> _Supplied entries_
= = = = =

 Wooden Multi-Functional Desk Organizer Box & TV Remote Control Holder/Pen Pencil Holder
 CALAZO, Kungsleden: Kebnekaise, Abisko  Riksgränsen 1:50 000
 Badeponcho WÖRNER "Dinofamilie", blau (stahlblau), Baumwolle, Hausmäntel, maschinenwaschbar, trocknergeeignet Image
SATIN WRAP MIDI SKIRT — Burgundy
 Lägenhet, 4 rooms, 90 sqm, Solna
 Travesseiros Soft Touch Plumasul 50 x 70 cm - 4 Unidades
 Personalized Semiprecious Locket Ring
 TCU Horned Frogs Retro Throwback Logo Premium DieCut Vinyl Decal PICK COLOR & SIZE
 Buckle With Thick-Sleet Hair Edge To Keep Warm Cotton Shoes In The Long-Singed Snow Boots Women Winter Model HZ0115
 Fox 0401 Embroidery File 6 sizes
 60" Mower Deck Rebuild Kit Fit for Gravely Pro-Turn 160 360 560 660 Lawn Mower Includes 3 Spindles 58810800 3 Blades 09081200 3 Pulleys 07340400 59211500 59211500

= = = = =

> _Assignment_
Your answer should consist solely of the lines above from the line with "CALAZO, Kungsleden: Kebnekaise, Abisko" to the line with "Personalized Semiprecious Locket Ring", both included, reproduced exactly.

> _Solution for this task_
 CALAZO, Kungsleden: Kebnekaise, Abisko  Riksgränsen 1:50 000
 Badeponcho WÖRNER "Dinofamilie", blau (stahlblau), Baumwolle, Hausmäntel, maschinenwaschbar, trocknergeeignet Image
SATIN WRAP MIDI SKIRT — Burgundy
 Lägenhet, 4 rooms, 90 sqm, Solna
 Travesseiros Soft Touch Plumasul 50 x 70 cm - 4 Unidades
 Personalized Semiprecious Locket Ring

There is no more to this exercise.